WHAT THE TASK REQUIRES — For the entries that follow, retype exactly the lines from the one containing "Finca La Uni&oacute;n" to the one containing "Louis Vuitton Monogram", inclusive, and only those. Images stay out of the copy.

EXTRACTED ENTRIES —
>>>>

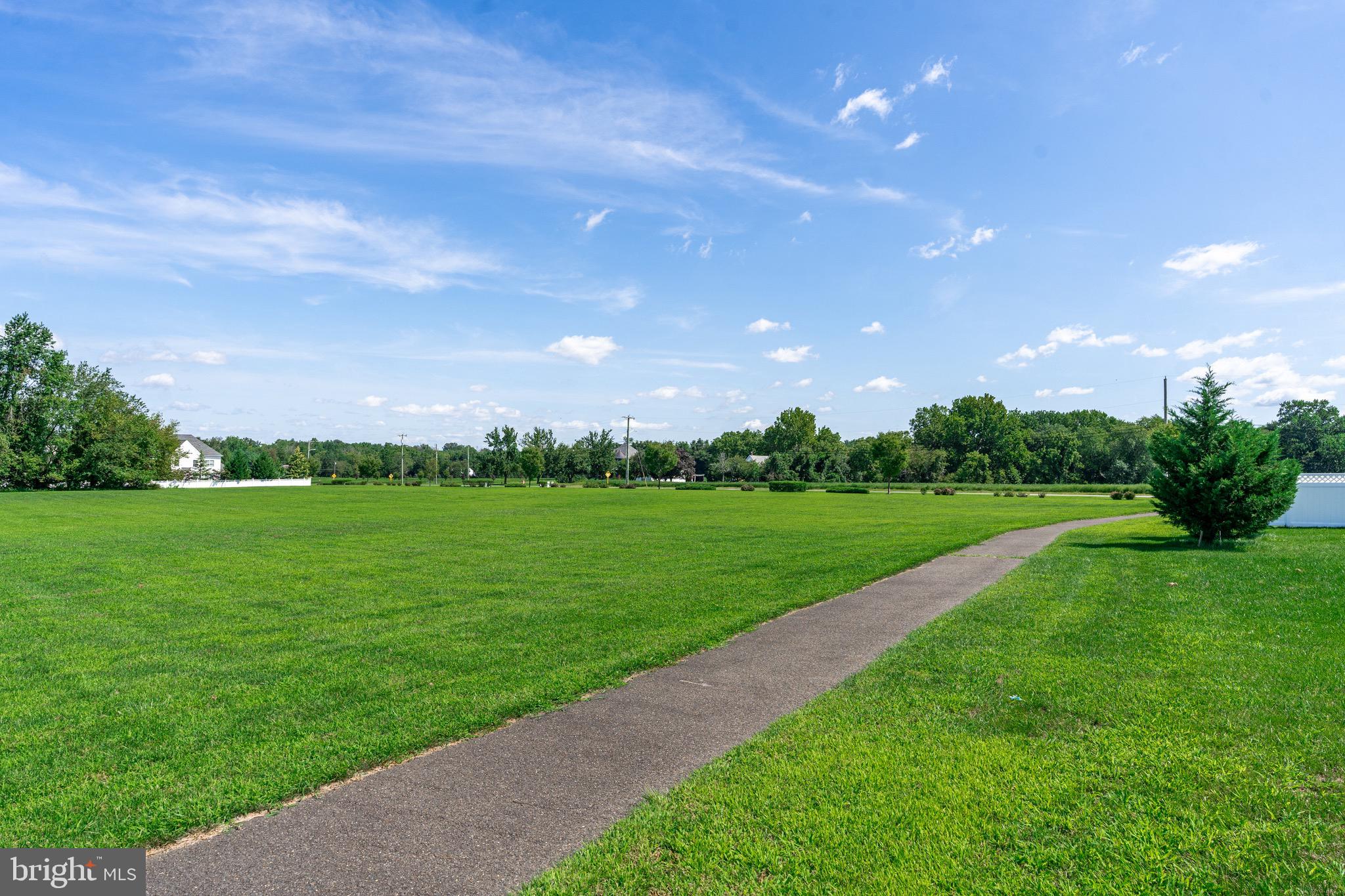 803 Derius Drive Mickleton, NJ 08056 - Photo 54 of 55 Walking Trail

<<<<
>>>>

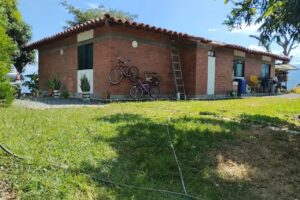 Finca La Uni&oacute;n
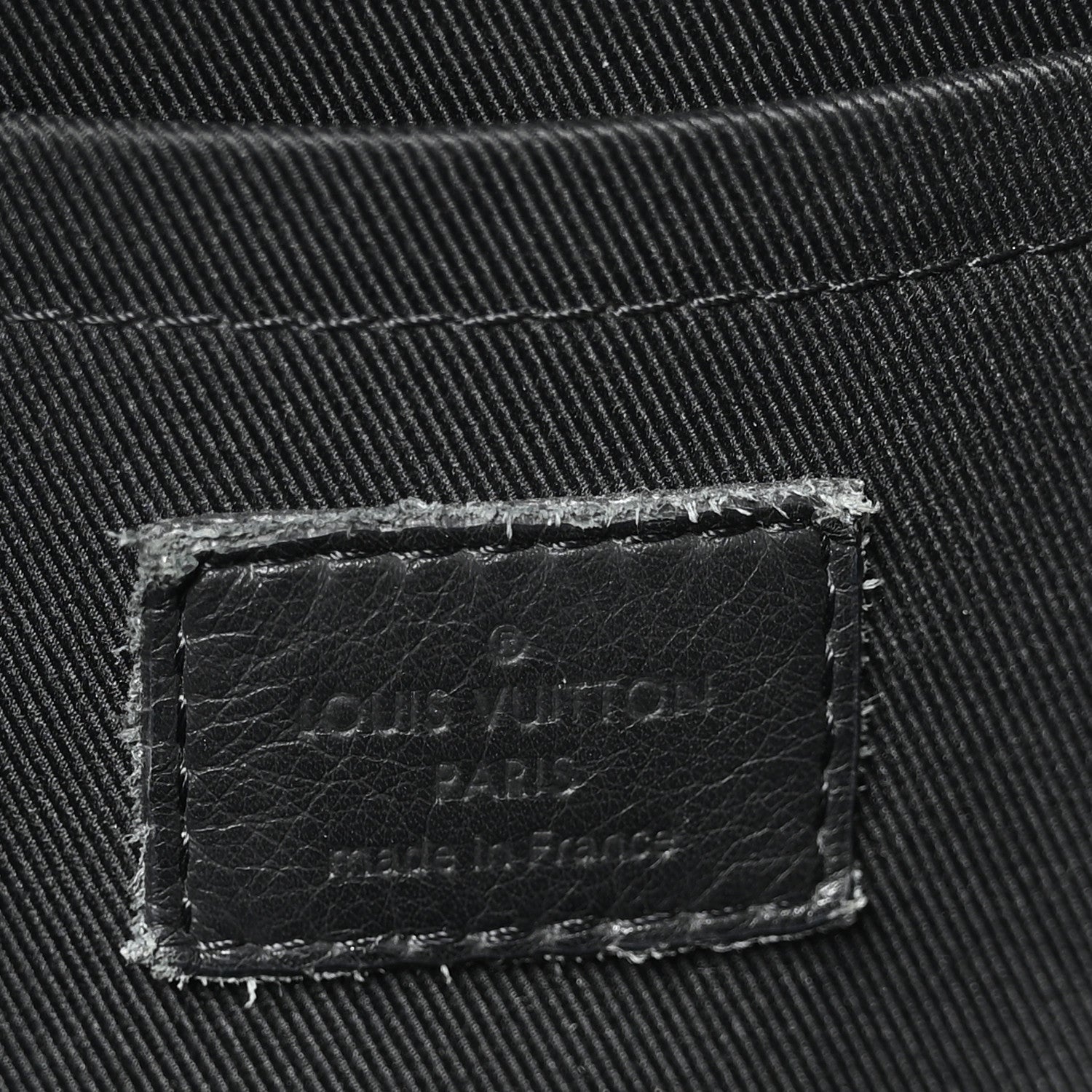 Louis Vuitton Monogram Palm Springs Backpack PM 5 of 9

<<<<

REPLY TO THE EXERCISE —
 Finca La Uni&oacute;n
 Louis Vuitton Monogram Palm Springs Backpack PM 5 of 9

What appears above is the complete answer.